You basically erase the drive completely and then get the DVR501 to "marry" itself to the drive. No, you can't just format it in your PC and put it in and have it work.

You may want to visit the "dishmod" group on Yahoo Groups for more information on changing your hard drive. But, again, it isn't trivial -- and might not be worth the hassle for you.

- John...


----------



## JohnMI

Jacob S said:


> Is there a company that does these upgrades for consumers for a charge other than the 7100/7200 PVR's?


Not that I know of. I haven't heard of any or seen one ever mentioned on dishmod.

- John...


----------



## tmagrino

Thanks for all the good information. I am not interested in hacking into the system to make the hard drive work, I was just looking for an easy way to fix a noisy hard drive. I guess I will just have to put up with the noisy drive. I complained to Dish several times and they will not do anything about it. They suggested I put the receiver in another room where I can't hear it and use the UHF remote to control it from the room where the TV is.



jgoggan said:


> Yes, it can -- but it isn't a trivial matter.
> 
> This would be difficult and, depending on what you have, possibly not possible at all. You could go to an 80GB (DVR508), but might not be able to go to a 120GB (DVR510).
> 
> You basically erase the drive completely and then get the DVR501 to "marry" itself to the drive. No, you can't just format it in your PC and put it in and have it work.
> 
> You may want to visit the "dishmod" group on Yahoo Groups for more information on changing your hard drive.
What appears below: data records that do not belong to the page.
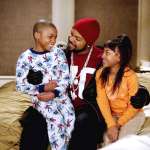 Aleisha Allen, Ice Cube, Philip Bolden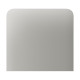 Кнопка Ajax SideButton (1-gang) vertical oyster/устрична для Ajax LightSwitch vertical
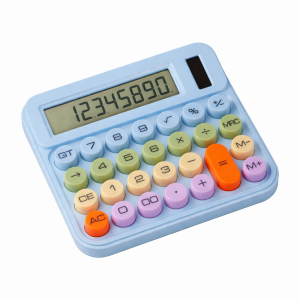 Calculadora Azul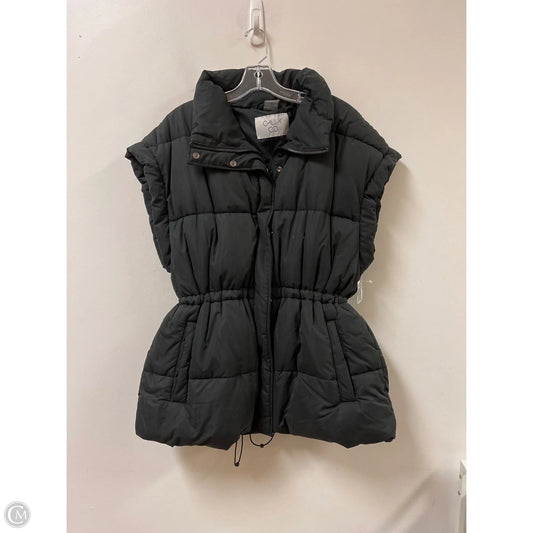 Jacket Puffer & Quilted By Calia In Black, Size: Xl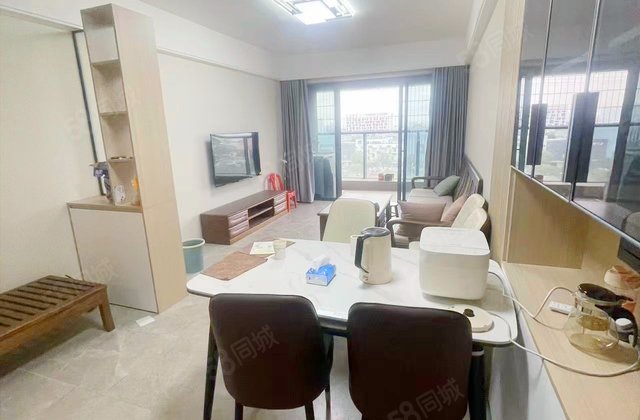 保利中交大都汇3室2厅98.72㎡95万二手房图片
But, again, it isn't trivial -- and might not be worth the hassle for you.
> 
> - John...


----------



## JohnMI

tmagrino said:


> Thanks for all the good information. I am not interested in hacking into the system to make the hard drive work, I was just looking for an easy way to fix a noisy hard drive. I guess I will just have to put up with the noisy drive.


Well, if you just wanted to replace the drive with an exact duplicate (meaning down to the model number), then this isn't quite as difficult a task and could be done without any extra hardware really -- just a bit of skill.



> I complained to Dish several times and they will not do anything about it. They suggested I put the receiver in another room where I can't hear it and use the UHF remote to control it from the room where the TV is.


Yes, my FOURTH 501 (first one died after a year, second one didn't work out of the box, third one worked for 2 days and then gave HD error) works, but is quite loud. I'm just waiting for it finally die so that I can get it replaced also. Dish's practice of replacing warrantied drives with junk refurbished ones is really a problem.

I'm also tired of Dish blaming UPS for the drives dying so quickly. The CSRs that I have spoken with constantly talk about how all the refurbished units are fine when they leave, but then UPS treats them badly and that is why the drives are dying. Well, that's a bunch of garbage. heh.

In any case, all you can do is have a warranty and hope for death of your PVR... Unless you decide to go for it and try the drive swap. Provided that you can find the exact drive, of course -- and that, if you do, it is more quiet. 

- John...


----------



## Jacob S

Couldn't one go in and change the model number that is shown on the hard drive to make it look like one that would work?


----------



## JohnMI

Jacob S said:


> Couldn't one go in and change the model number that is shown on the hard drive to make it look like one that would work?


Change the model number in the HD firmware itself? Yes, if you had the right tools and the right drive -- but, so far, that has not been available.

Change the model number in the Dish firmware? In the past, yes -- but they are now doing a more advanced checksum from within the firmware itself to make sure that people are not doing this.

So, unless you want to run P169 for the rest of your life, using a drive not listed in the actual, current firmware is pretty much a bad idea.

- John...


----------